* _YOUR OBJECTIVE_
Print the lines in the listing below that fall between the line with "Home with brick" and the line with "Remington Quiet-riter Manual", those two lines included, exactly as they stand and with nothing else.

====== SOURCE DATA

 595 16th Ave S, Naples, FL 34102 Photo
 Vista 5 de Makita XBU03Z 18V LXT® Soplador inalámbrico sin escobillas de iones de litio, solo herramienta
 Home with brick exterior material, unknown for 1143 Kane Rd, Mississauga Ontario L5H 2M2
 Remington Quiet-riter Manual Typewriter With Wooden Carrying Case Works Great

============
====== SOURCE DATA

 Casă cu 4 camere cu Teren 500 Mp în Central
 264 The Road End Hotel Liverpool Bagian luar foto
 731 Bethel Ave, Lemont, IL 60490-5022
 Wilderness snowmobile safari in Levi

============

* _YOUR RESPONSE_
 Home with brick exterior material, unknown for 1143 Kane Rd, Mississauga Ontario L5H 2M2
 Remington Quiet-riter Manual Typewriter With Wooden Carrying Case Works Great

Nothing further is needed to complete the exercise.